NASB: “The scepter shall not depart from Judah, Nor the ruler’s staff from between his feet, until Shiloh comes, And to him shall be the obedience of the peoples.”
ESV: “The scepter shall not depart from Judah, nor the ruler’s staff from between his feet, until tribute comes to him; and to him shall be the obedience of the peoples.”
NIV: “The scepter will not depart from Judah, nor the ruler’s staff from between his feet, until he comes to whom it belongs and the obedience of the nations is his.”
Three translators arrived at different conclusions because the Hebrew text itself is ambiguous. The problem is one word made up of four letters: שילה (shiyloh).
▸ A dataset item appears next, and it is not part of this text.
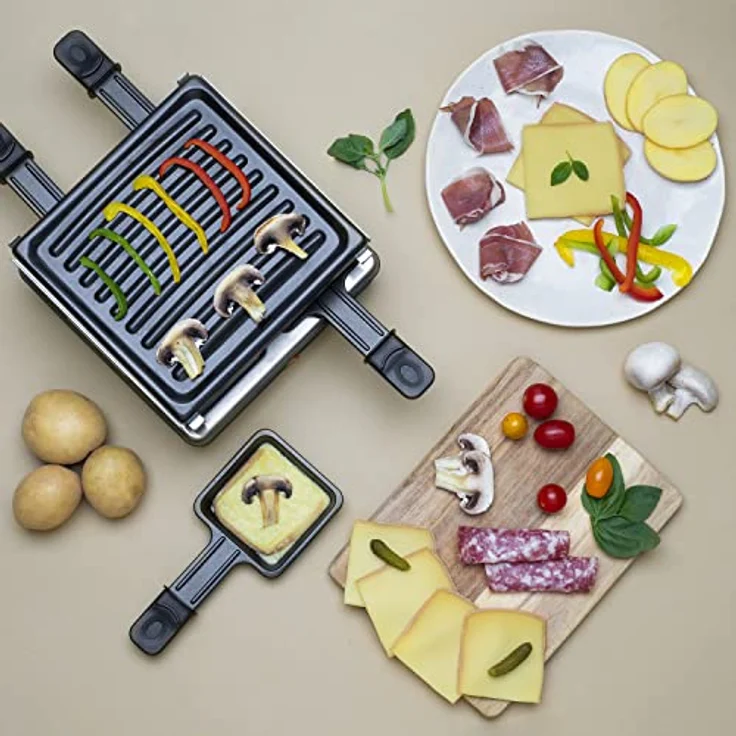 Raclette- & Grill für 4 Personen LUGA40 Wëasy, abnehmbare Grillplatte, leicht zu reinigen, 4 Pfannen mit Antihaftbeschichtung, spülmaschinenfest, schwarz, 600 W – Bild 5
The NASB takes these four letters as spelling “Shiloh,” the place where the ark of the covenant was kept during the days of the Judges, Samuel and David. As it is written, this is how the word should be pronounced, but “Shiloh” is not spelt this way anywhere else in the Hebrew Bible. 1 The odd spelling has led many translators to suspect that “Shiloh” is not the correct translation.
Another problem with translating this word as “Shiloh” is that the Septuagint—the Greek translation of the Hebrew Bible produced a few centuries before Christ, which is often quoted by the New Testament writers—has a different rendering. The Septuagint literally reads: “until that which is stored away for him comes.” The Hebrew text used by the Septuagint translator did not read שילה (shiyloh).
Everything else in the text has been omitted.